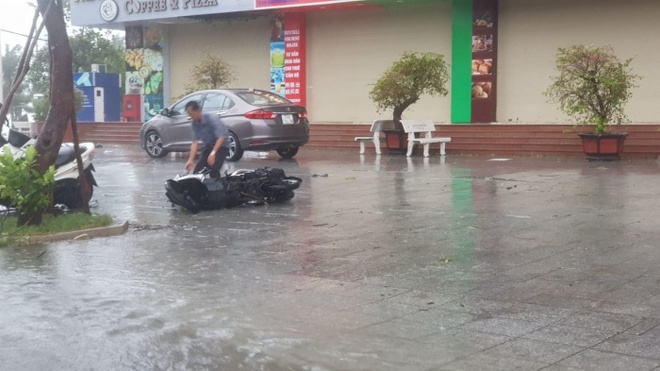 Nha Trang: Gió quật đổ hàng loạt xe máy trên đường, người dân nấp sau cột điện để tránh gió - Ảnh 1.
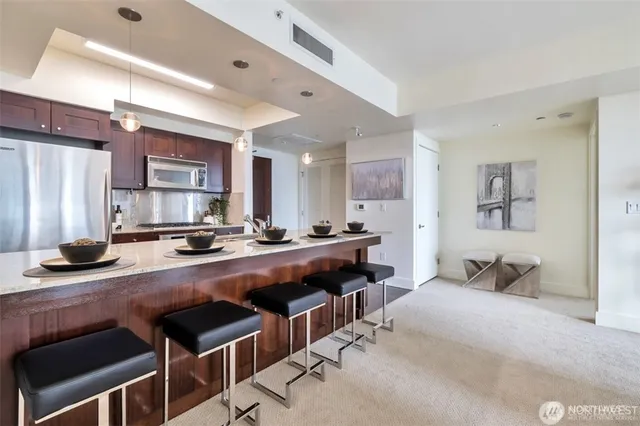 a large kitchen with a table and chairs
--
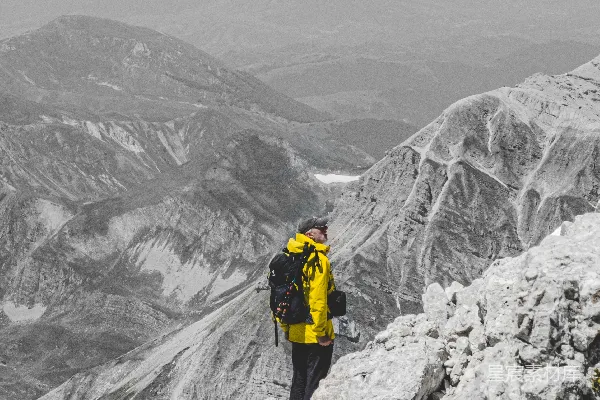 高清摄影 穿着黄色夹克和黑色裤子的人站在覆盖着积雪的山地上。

ASSIGNMENT
Look above for the line with "Nha Trang: Gió" and the line with "a large kitchen with a table and chairs", then copy them and all lines in between exactly as written, and only those, without any pictures.

REPLY
 Nha Trang: Gió quật đổ hàng loạt xe máy trên đường, người dân nấp sau cột điện để tránh gió - Ảnh 1.
 a large kitchen with a table and chairs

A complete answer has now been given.